My spirit responds with thoughts of compassion, comfort, love – bowing to the sky, sea, trees, in resonance with others around the globe, that somehow this love will waft via air currents, hovering over the city and inhabitants – like fragrant flowers.
Over the years I’ve photographed countless numbers of flowers in Paris. They catch my attention every time: at shops, in gardens, along pathways, hanging in flower boxes outside windows. They breathe their beauty over the city.

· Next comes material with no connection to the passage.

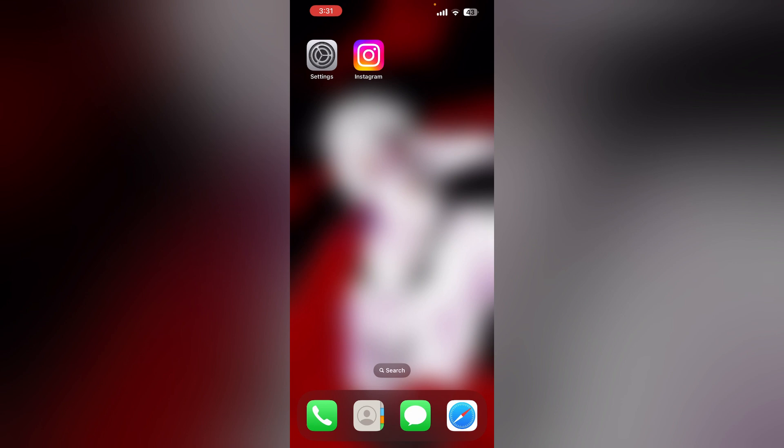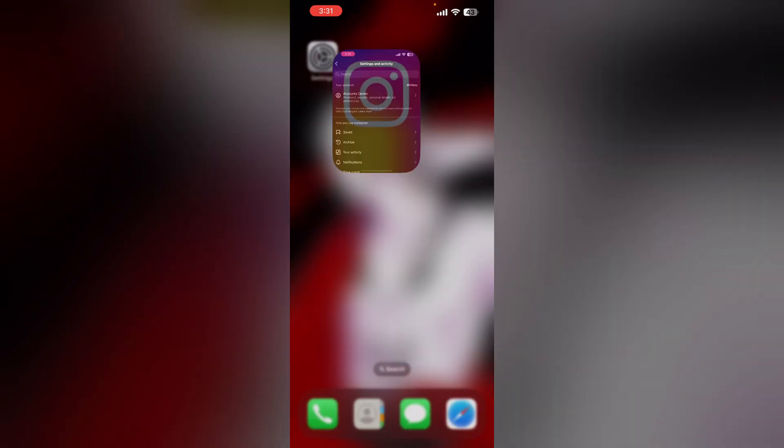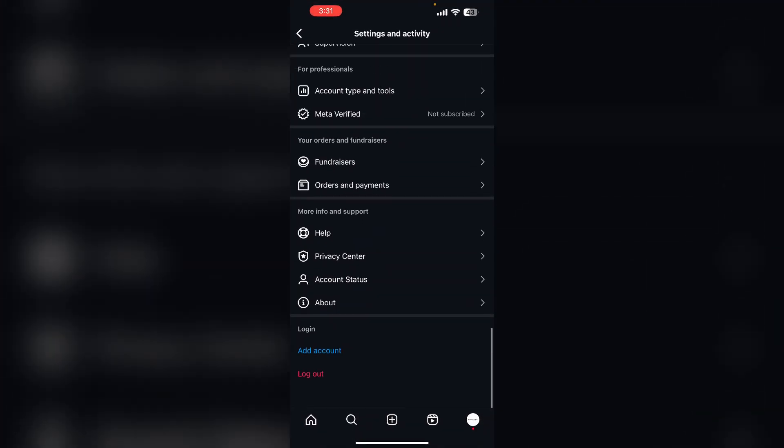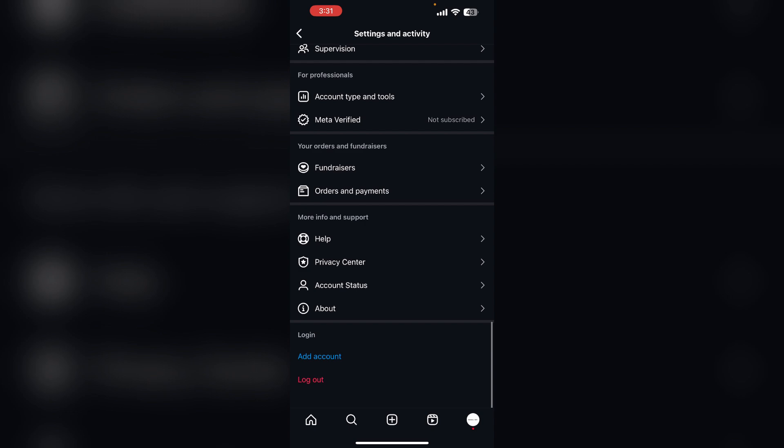Solutions. Log in again. Try logging out of Instagram and logging back in to refresh your session. To log out of Instagram, open Instagram and go to your settings. Now scroll down till you find the log out option. Log out and log in again.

A news interview of a father and son shortly after the attacks in Paris has gone viral, with the wise and compassionate words of father to son, “…The flowers and the candles are here to protect us.” (France’s Le Petit Journal).
May it be so. I cannot assume to know the fear and terror that many experienced first hand. I know that many other awful, terrible, tragic events unfold daily around the globe. In all of this, I hold on to hope. I echo the words of this father, in an attempt to ease both his own and his son’s fear.
May we collectively hold on to the light, life and hope that expresses itself through flowers and somehow work toward peace.
When the Roses Speak, I Pay Attention
by Mary Oliver
As long as we are able to be extravagant we will be hugely and damply extravagant. Then we will drop foil by foil to the ground. This is our unalterable task, and we do it joyfully.”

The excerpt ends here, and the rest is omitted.